Half Broke Horses is by Jeannette Walls, author of the acclaimed memoir The Glass Castle, which I haven't read but will right after this. While The Glass Castle is a memoir, Half Broke Horses is the story of Jeannette Walls' grandmother, told in a captivating first person voice.
I've just come to a part where Lily, the subject of the book, has gone to teach school in a little Mormon polygamist town in northern Arizona. She's got her two children, Rosemary and Little Jim, with her. Lily is describing the town and its people:
The houses they lived in, I came to see, were essentially breeding factories where as many as seven wives were expected to churn out a baby a year... The girls were raised to be docile and submissive.
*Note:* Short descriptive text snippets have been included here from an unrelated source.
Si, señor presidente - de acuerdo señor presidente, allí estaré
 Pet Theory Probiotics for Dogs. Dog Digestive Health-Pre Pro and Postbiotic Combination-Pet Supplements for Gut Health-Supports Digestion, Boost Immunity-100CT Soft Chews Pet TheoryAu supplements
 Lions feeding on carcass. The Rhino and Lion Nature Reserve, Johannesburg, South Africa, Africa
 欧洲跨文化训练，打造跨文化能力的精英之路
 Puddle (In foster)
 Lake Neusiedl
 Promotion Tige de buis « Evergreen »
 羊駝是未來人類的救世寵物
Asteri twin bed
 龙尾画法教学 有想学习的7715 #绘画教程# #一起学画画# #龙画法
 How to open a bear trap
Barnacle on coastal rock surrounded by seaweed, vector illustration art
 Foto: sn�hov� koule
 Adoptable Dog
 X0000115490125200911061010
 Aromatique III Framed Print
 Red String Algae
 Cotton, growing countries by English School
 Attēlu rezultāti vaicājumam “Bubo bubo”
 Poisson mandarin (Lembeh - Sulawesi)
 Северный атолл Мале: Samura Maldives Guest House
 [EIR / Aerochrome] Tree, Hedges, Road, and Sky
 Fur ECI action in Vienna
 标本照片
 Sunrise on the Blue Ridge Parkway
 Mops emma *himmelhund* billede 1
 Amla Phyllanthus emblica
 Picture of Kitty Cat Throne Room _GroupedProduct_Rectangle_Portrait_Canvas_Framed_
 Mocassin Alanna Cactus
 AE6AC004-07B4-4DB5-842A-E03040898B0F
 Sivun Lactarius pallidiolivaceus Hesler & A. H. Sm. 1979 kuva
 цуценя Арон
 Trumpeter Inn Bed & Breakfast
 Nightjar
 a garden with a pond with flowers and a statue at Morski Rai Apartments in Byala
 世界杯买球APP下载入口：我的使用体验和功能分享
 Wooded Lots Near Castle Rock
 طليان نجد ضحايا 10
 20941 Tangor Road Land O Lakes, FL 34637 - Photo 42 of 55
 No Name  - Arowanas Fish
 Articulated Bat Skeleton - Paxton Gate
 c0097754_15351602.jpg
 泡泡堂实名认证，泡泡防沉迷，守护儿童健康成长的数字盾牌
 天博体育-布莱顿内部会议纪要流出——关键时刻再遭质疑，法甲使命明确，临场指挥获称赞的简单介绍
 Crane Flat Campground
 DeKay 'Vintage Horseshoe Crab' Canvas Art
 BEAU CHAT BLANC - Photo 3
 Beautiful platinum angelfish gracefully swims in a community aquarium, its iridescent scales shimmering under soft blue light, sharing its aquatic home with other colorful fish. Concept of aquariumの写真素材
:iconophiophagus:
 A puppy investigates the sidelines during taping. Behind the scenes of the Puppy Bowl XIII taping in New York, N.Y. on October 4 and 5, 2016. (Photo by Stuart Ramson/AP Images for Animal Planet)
In the first few months I was there, a couple of my thirteen-year-old girls disappeared, vanishing into their arranged marriages.
Rosemary was fascinated by these kids with all their multitudes of moms, and these dads with all their sets of wives, and she kept asking me to explain it. She was particularly intrigued with Mormon underwear and wondered if it really gave the Mormons special powers.
"That's what they believe," I told her, "but that doesn't mean it's true."
"Then why do they believe it?"
"America is a free country," I said. "And that means people are free to believe whatever cockamamie thing they want to believe."
"So they don't have to believe it if they don't want to?" Rosemary asked.
"No they don't"
"But do they know that?"
Smart kid.
Oh golly, I love this book. If its not on your bookshelf, go rustle it up. You won't be disappointed.